◆ TASK OBJECTIVE: Some of the lines below need repeating. Reproduce exactly those between the lines holding "Buy XFly 2 Rubber" and "Penghuni Kos di", inclusive.
== DATA PROVIDED
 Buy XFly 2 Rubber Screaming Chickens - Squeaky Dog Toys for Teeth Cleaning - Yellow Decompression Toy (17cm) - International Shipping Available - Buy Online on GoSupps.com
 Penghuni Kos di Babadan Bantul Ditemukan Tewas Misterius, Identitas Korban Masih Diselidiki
====
== DATA PROVIDED
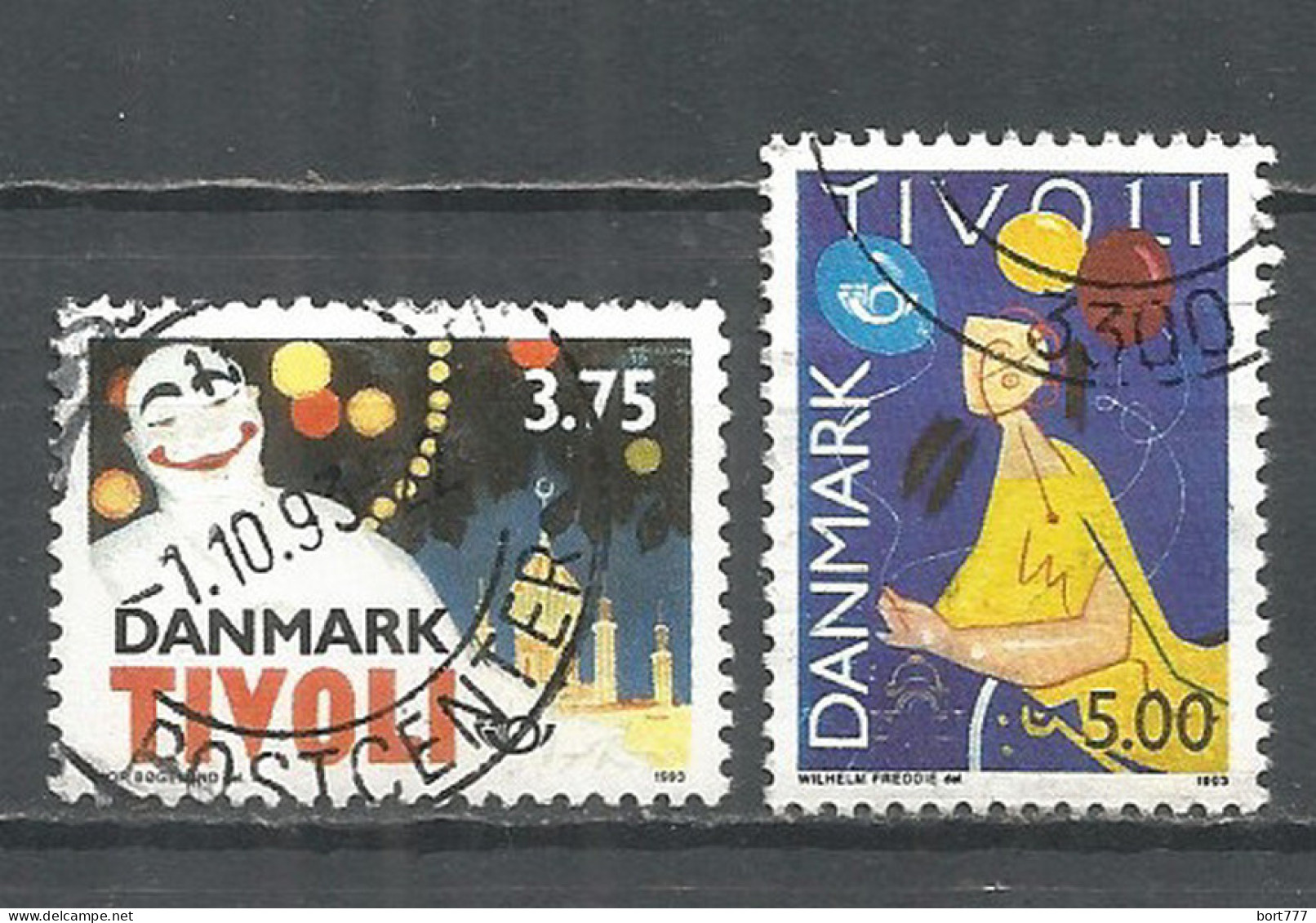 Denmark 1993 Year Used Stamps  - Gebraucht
====
== DATA PROVIDED
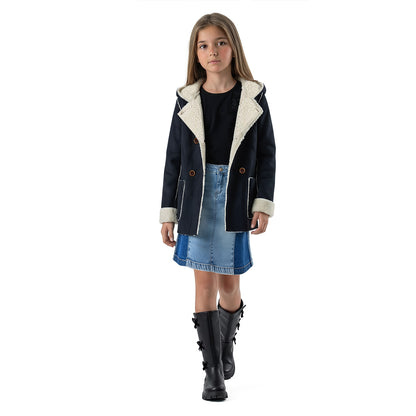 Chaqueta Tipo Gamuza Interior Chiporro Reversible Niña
====
◆ SOLUTION FOR THIS PROBLEM:
 Buy XFly 2 Rubber Screaming Chickens - Squeaky Dog Toys for Teeth Cleaning - Yellow Decompression Toy (17cm) - International Shipping Available - Buy Online on GoSupps.com
 Penghuni Kos di Babadan Bantul Ditemukan Tewas Misterius, Identitas Korban Masih Diselidiki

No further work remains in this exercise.